• **What this task involves**
The answer must be the full listing, word for word, with no pictures in it.

• **Raw data**
[Start of section]

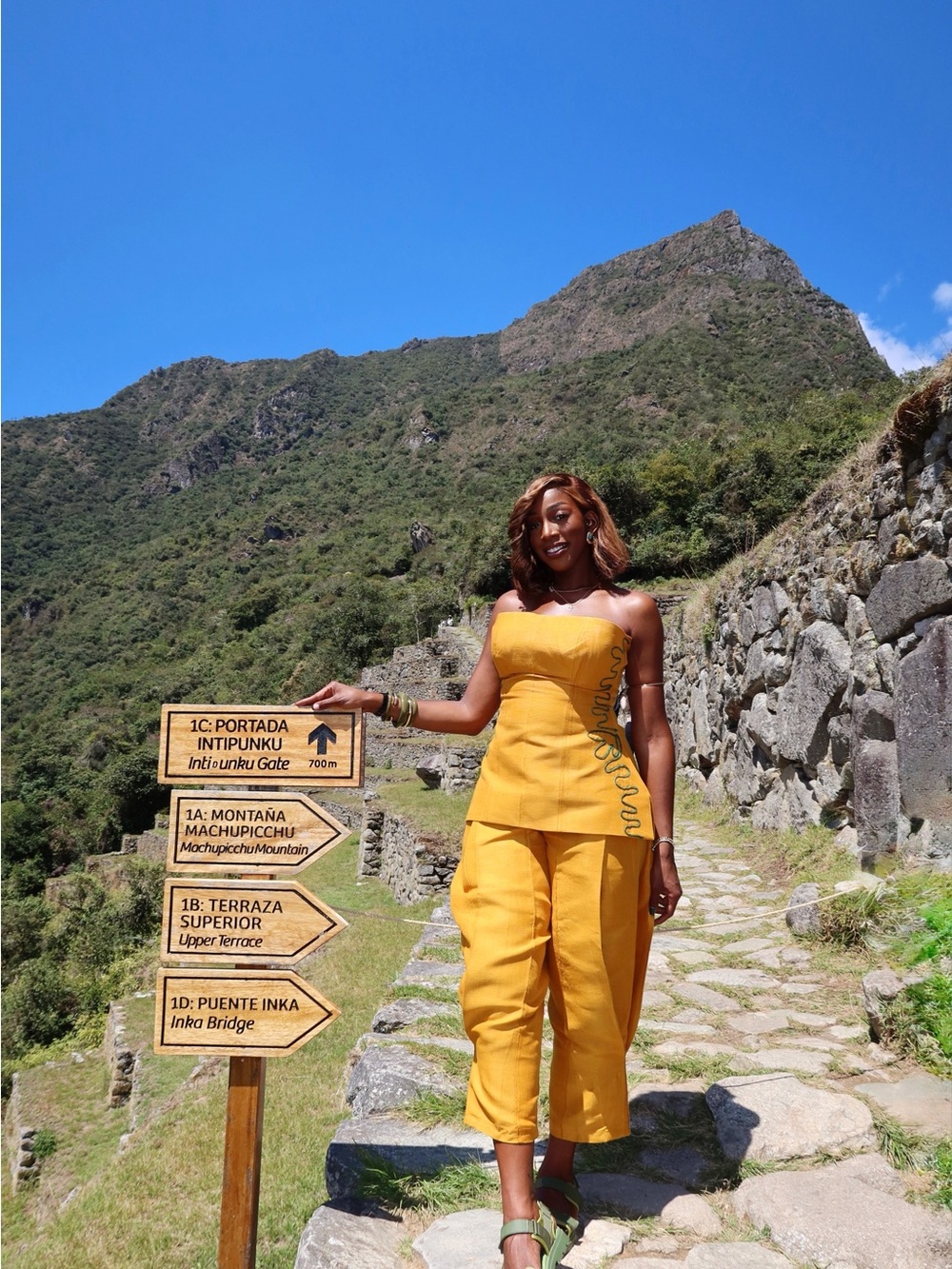 KNANFE Mustard Strapless 2-Piece Pant Set | UK 14 | Worn Once - Picture 5 of 8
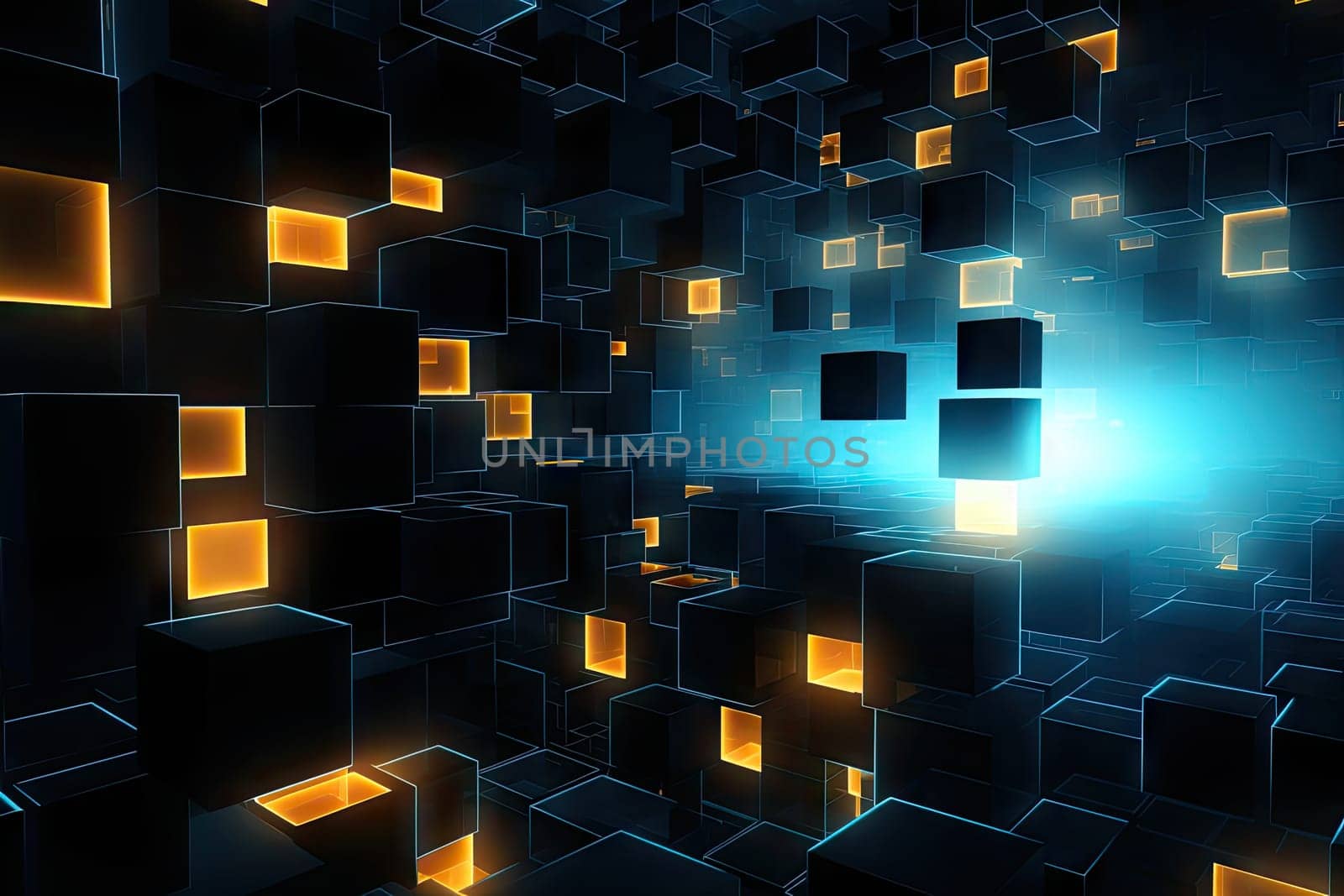 an abstract image of a glowing cubes and squares on a black background with a blue and yellow glow coming out of the center of the cubes. by wichayada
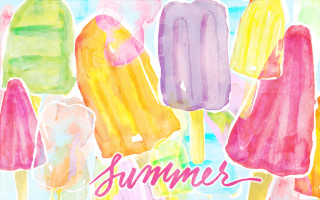 Icecreams summer watercolor lycoart vibrant - free summer wallpaper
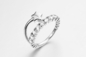 2.78g 925 Silver CZ Rings ODM Sterling Silver Moon And Star Ring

[End of section]

• **Answer for this exercise**
 KNANFE Mustard Strapless 2-Piece Pant Set | UK 14 | Worn Once - Picture 5 of 8
 an abstract image of a glowing cubes and squares on a black background with a blue and yellow glow coming out of the center of the cubes. by wichayada
 Icecreams summer watercolor lycoart vibrant - free summer wallpaper
 2.78g 925 Silver CZ Rings ODM Sterling Silver Moon And Star Ring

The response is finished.